Les difficultés n'épargnent pas les Missionnaires. Ils sont eux-aussi confrontés à la violence et en sont parfois les victimes. Le Père Louis Blondel, Pères Blanc, dans le pays depuis plus de 20 ans a été tué au début du mois de décembre. " Ce sont des petits jeunes, des petits malfrats qui pensaient faire une affaire... Quand ils sont arrivés devant la porte du Père Louis, il a peut-être ouvert la porte un peu violemment : "hé, là, qu'est-ce qui se passe ici ?"… Et les petits jeunes ont pris peur. Celui de 18 ans qui, probablement, a tiré le coup de feu a dit : "Oh ! J'ai eu peur, alors …j'ai voulu faire peur... ! Mais malheureusement ces événements ont des conséquences tragiques... "

C'est un événement tragique qui a en effet choqué toute la communauté des Pères Blancs et leurs amis.

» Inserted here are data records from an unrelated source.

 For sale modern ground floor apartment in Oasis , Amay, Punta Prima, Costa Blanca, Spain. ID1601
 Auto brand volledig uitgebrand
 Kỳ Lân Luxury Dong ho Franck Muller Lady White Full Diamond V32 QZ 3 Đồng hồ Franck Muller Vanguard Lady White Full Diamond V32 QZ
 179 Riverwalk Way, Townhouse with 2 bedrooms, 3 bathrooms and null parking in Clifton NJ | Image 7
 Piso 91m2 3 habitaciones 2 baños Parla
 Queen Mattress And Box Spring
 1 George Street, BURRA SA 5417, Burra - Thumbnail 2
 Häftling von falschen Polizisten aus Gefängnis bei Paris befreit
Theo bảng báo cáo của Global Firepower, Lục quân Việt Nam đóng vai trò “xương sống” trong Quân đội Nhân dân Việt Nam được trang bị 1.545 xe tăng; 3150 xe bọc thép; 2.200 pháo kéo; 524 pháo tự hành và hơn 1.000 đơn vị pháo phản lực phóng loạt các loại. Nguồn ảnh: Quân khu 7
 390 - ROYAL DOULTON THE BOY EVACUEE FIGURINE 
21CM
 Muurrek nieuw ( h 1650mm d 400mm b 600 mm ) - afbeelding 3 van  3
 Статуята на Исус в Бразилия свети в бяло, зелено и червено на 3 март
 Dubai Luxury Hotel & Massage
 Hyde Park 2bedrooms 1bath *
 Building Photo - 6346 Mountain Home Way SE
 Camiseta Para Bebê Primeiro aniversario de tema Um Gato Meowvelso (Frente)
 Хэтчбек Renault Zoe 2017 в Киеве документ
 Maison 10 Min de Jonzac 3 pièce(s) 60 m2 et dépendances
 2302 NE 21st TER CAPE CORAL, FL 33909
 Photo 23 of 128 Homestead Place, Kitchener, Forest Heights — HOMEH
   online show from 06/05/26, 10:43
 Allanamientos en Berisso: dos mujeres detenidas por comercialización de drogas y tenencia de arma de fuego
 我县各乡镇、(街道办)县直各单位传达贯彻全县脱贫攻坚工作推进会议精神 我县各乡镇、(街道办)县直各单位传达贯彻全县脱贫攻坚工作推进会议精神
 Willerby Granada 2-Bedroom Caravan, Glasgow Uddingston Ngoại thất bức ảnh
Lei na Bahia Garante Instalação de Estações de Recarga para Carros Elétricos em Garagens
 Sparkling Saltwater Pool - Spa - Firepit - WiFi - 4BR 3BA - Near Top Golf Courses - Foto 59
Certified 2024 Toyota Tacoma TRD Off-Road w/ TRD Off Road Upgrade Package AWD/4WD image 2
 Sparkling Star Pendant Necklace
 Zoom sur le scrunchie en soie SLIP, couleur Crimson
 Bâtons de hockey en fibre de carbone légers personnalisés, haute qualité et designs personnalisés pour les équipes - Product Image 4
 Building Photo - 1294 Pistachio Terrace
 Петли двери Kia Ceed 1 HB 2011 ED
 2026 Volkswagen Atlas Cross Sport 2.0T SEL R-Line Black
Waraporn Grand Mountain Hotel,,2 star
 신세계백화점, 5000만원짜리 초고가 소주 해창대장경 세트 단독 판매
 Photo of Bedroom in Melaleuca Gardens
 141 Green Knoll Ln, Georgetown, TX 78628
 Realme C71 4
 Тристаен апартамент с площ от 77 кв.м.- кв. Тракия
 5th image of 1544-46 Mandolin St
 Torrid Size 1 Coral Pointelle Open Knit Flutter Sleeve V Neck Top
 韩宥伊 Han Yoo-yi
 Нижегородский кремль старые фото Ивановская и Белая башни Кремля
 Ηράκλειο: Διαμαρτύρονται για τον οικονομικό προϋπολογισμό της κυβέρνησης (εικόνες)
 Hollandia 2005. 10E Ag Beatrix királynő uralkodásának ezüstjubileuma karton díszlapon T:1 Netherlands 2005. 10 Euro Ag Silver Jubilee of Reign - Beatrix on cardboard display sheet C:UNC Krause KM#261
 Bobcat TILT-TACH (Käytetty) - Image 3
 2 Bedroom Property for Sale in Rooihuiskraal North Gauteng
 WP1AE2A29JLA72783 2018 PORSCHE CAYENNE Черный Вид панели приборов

Le Père Didier, d'ailleurs, le connaissait bien : " il venait de quitter Orange Farm pour fonder cette nouvelle paroisse de Diepsloot dans le nord-ouest de Johannesburg, avec le Père Guy Bourgeois. Tous les deux avaient été mes confrères ici à Orange Farm, et de tous ses projets nous en parlions beaucoup ensemble et on a tout un réseau d'amis, ici, en Afrique du Sud et en France. Au moment de son enterrement, il y a tous ses amis qui sont venus de Singapour, de Pékin, de Paris pour assister à l'enterrement, pour nous soutenir et nous montrer que ce réseau d'amitiés est toujours vivant. "

Si la violence fait partie de la vie à Soweto, ce genre d'incidents n'est tout de même pas chose commune : " Il y a certainement une insécurité et beaucoup disent avoir déjà été attaqués. Parmi nous, plusieurs ont déjà été attaqués pour des petits vols à main armée... Mais généralement, on se dit : " ne résistons pas et donnons-leur ce qu'ils veulent..." Et ils partent avec un petit peu d'argent ou quelques biens, trois fois rien... Malheureusement là, cela a tourné au drame. Ils ont été pris et la justice va suivre son cours mais qu'est ce que l'on peut dire, nous-mêmes ? ! Le Christ lui-même a dit : " Père, pardonnez leur..."
Malheureusement, ce sont des choses qui arrivent, ici, en Afrique du Sud ".

Mais malgré les incidents, les Missionnaire d'Afrique poursuivent leur action. Le soutien qui leur est manifesté est essentiel. " Cet événement, tragique nous a tous choqués et laissés sans voix, bien entendu, mais, le Père Blondel et nous autres, on a fait des choix, il y a longtemps, le choix de la lutte contre l'apartheid et maintenant, le choix de vivre avec les plus pauvres.

Si on est venu à Orange Farm, c'est que les gens n'avaient rien. Il fallait tout reconstruire avec eux, toute leur vie. Or Orange Farm est à 40 km de tous les centres importants, il y un chômage de 70 % de la population active.... On a donc fait le choix de vivre là, d'y porter le témoignage de l'Évangile et d'essayer avec eux d'améliorer leur vie et leurs conditions de vie.... On a offert, en même temps que les valeurs de l'Évangile, un regroupement en paroisses et en communautés chrétiennes, un choix de développement, un bureau pour la promotion des droits de l'homme, un centre de formation pour adultes pour qu'ils puissent acquérir des métiers et se débrouiller par eux-mêmes... C'est sûr, on est tous choqués et désarçonnés par ce qui est arrivé au Père Louis, mais on est entourés par des communautés chrétiennes qui ont montré un sens de l'amour et de la solidarité qui réchauffe le cœur et ça nous donne du courage pour continuer... "

Répandus aujourd'hui dans de nombreux pays africains, les Pères Missionnaires d'Afrique répondent à la triple exigence que leur a laissée Mgr Lavigerie, leur fondateur : " Vous parlerez la langue des gens, vous mangerez leur nourriture, vous porterez leur habit... "

(Le Père Didier Lemaire, missionnaire en Afrique du Sud, interrogé par Cyrielle Flosi.)